According to experts, AWS making its own chips will give its customers more cost-effective computing power than they could get by renting time on processors built by chipmakers Intel, Nvidia or Advanced Micro Devices. The move has put AWS in direct competition with those companies, which are also among its biggest partners and suppliers, believe experts.
#7 A standard-based data lake for security data
Security Lake is a service that centralises security data automatically for an organisation from cloud and on-premises sources into a purpose-built data lake in a customer’s AWS account so that customers may act on security data faster. According to a security analyst present at the event, "this can be of help to enterprises centralising all of their security data in a single data lake, using a standards-based format to manage the life cycle of this data". Also, the solution automatically collects and aggregates security data for AWS partner solutions including Cisco, CrowdStrike and Palo Alto Networks and lets teams add their own data sources, such as from internal applications or infrastructure logs.
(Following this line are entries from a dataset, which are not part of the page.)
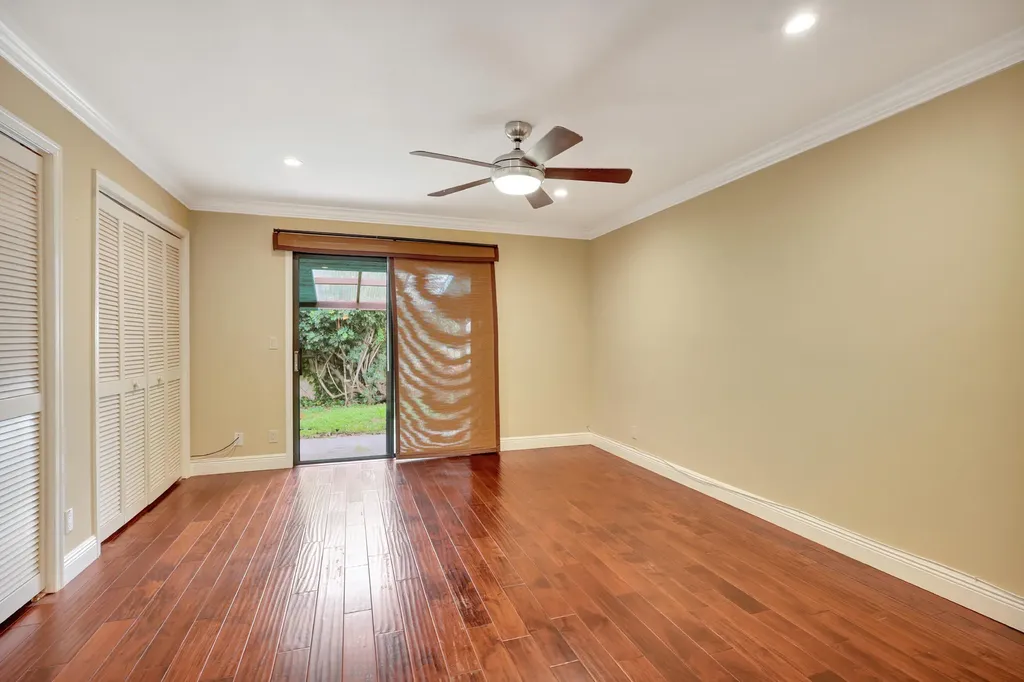1003 Raintree Lane Palm Beach Gardens FL 33410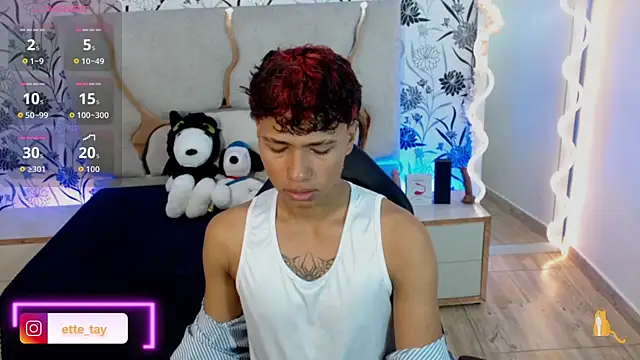 Snapshot of Ette_tay chatting on 10.13.25 Ette tay online show from 10.13.25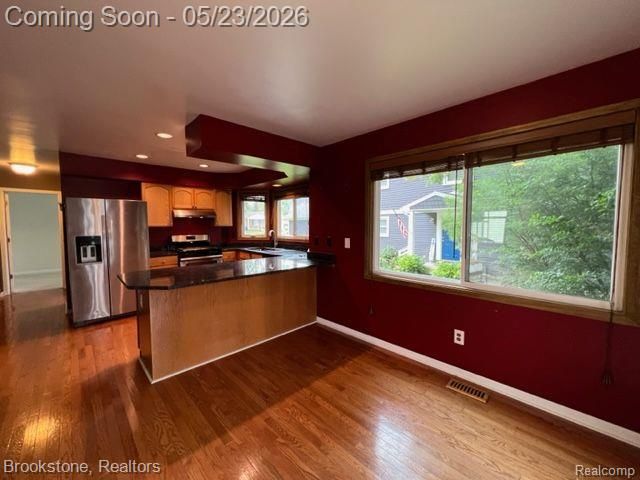 1465 Beachland Boulevard, Keego Harbor, MI 48320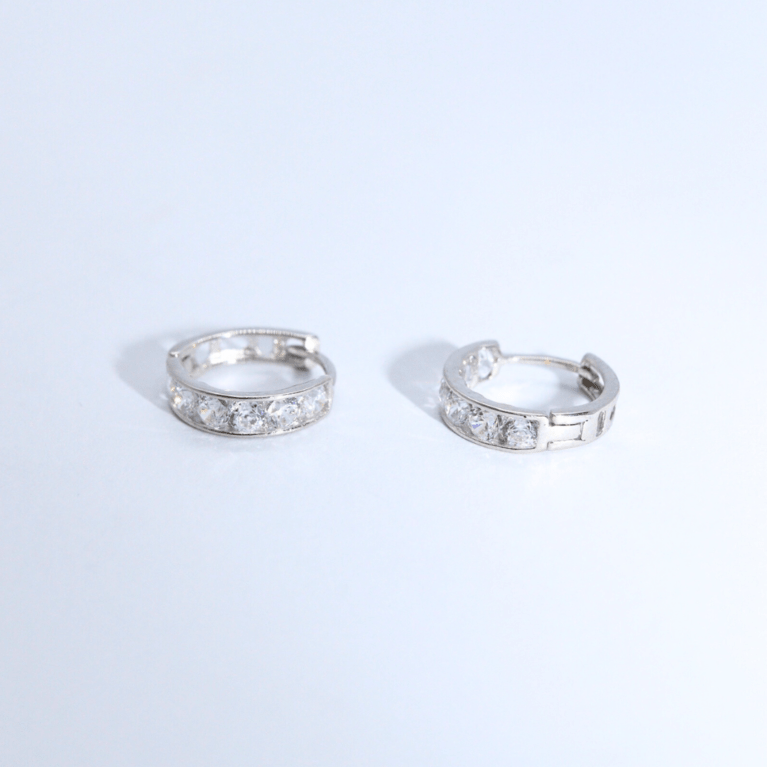 Cercei „Frosted Elegance” din Aur Alb 14k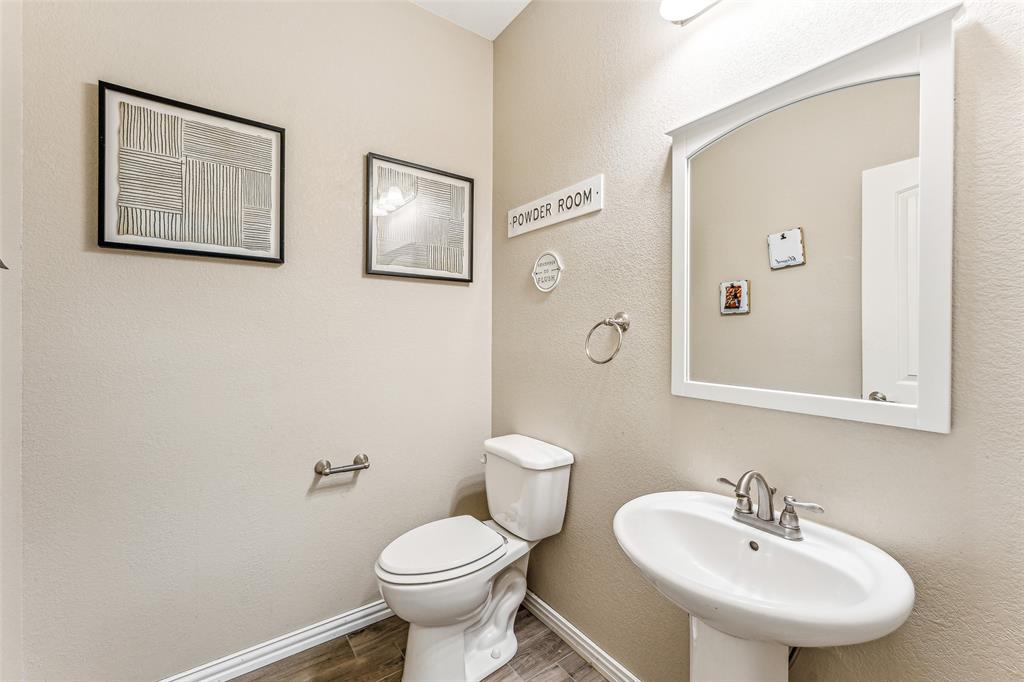 Alexander Rdg - Residential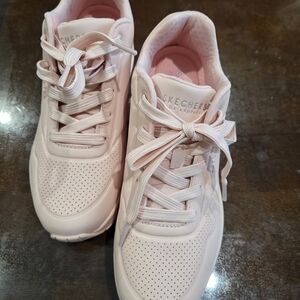 Skechers Women's Light Pink Lace-Up Athletic Sneakers Air Cooler Memory Foam. No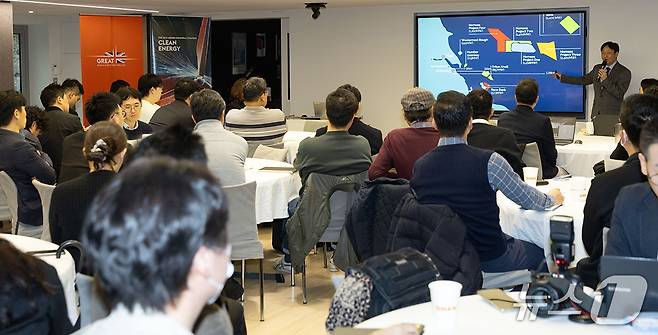 주한영국대사관이 25일 행사를 열고 부유식 해상풍력 발전 가이드 2025 웹사이트 한국어 버전을 공개하고 있다. (주한영국대사관)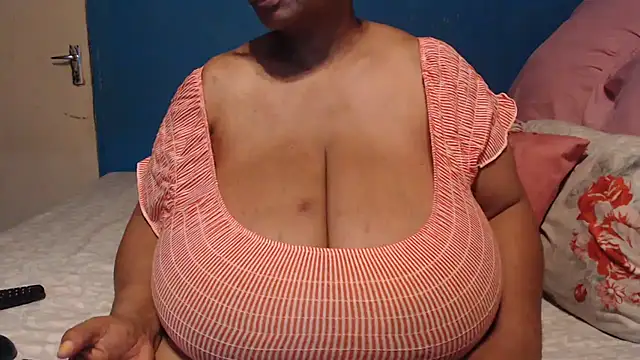 CUTEFIRMMELONSS online show from October 15, 8:31 pm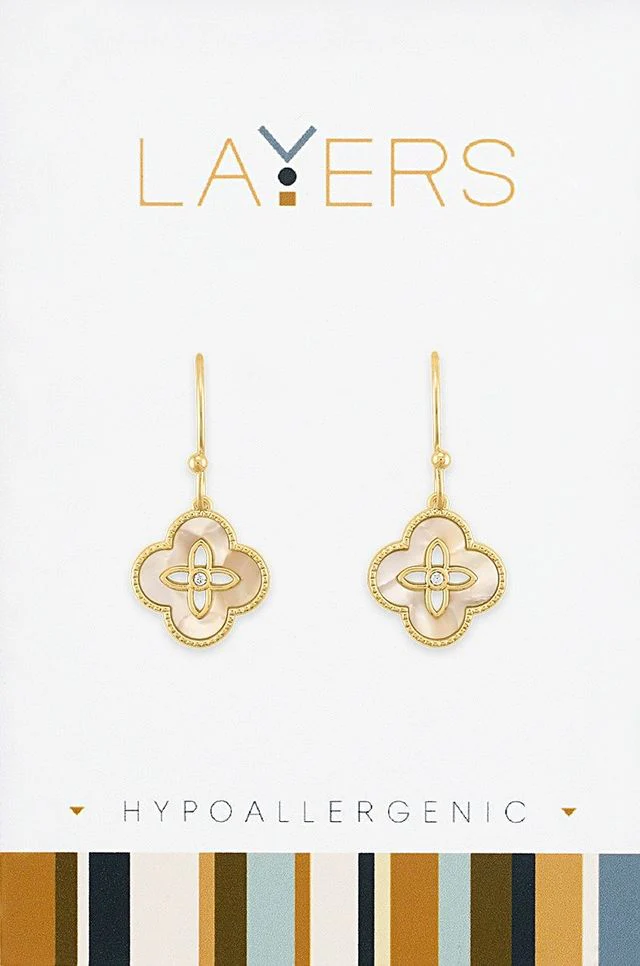 Gold Seashell Quatrefoil Dangle Layers Earrings - Image 2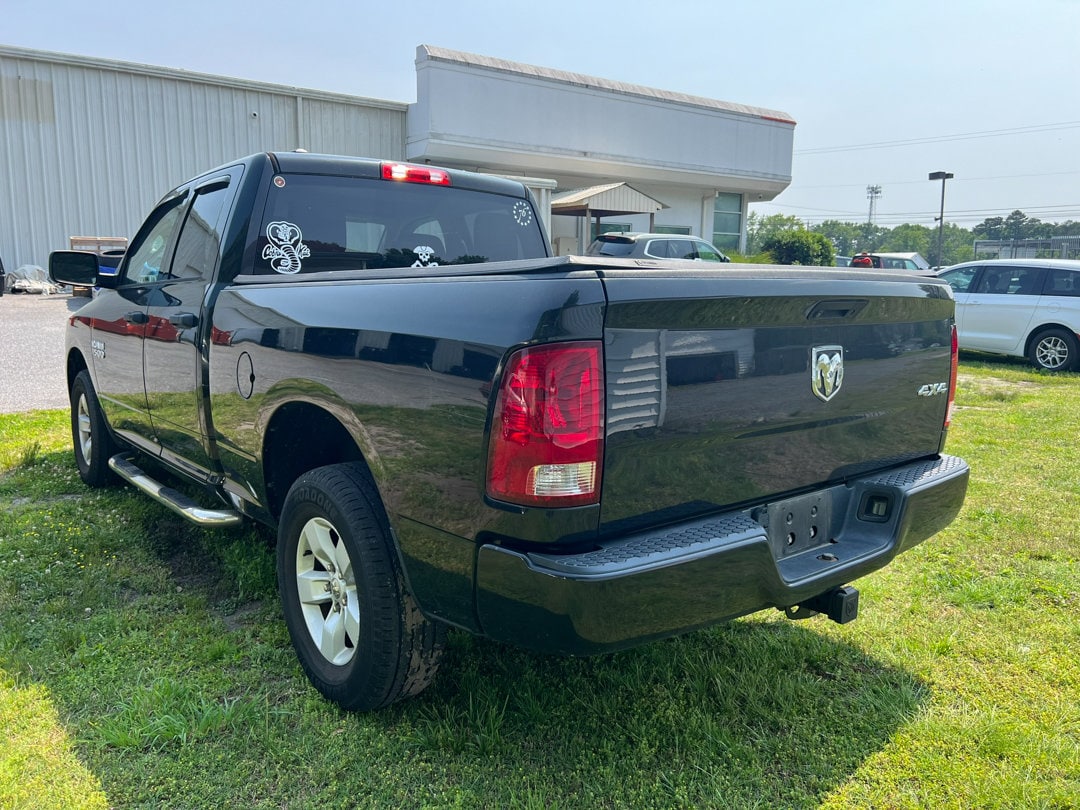 Used 2017 RAM Ram 1500 Pickup Express with VIN 1C6RR7FGXHS650519 for sale in Selbyville, DE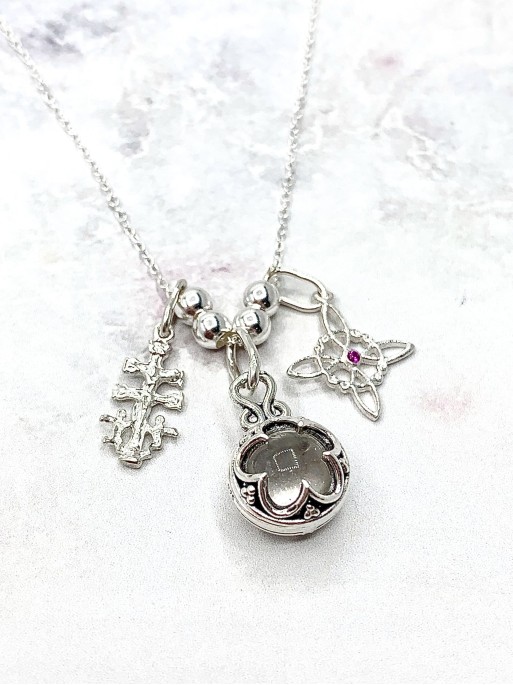 Collar triple protección de plata: Gotland Cuarzo transparente mini, Nudo de Bruja y Cruz de Caravaca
#8 Taking a new AWS supply chain route
AWS comes up with a solution for the supply chain disruptions in the post pandemic world. It has launched AWS Supply Chain, a new application, designed to create supply chain visibility to make faster, more informed decisions that mitigate risks. Selipsky said, the new solution gives a "unified view of your supply chain data, ML-powered insights, recommended actions and built-in collaboration capabilities, so you can react quickly to unexpected issues.” A good example would be the web interface can allow businesses to see all of its office, warehouse or other locations and view their stock inventory levels.
#9 New ways of using ML for climate science, disaster response, agriculture
In his keynote on Wednesday, November 30, Sivasubramanian announced eight new capabilities for Amazon SageMaker. One of these includes a new level of support for geospatial data, which will make it easier to develop models for climate science, urban planning, disaster response, precision agriculture, and more. "These new Amazon Sagemaker capabilities are built for customers to take advantage of ML at scale and for social change," he said.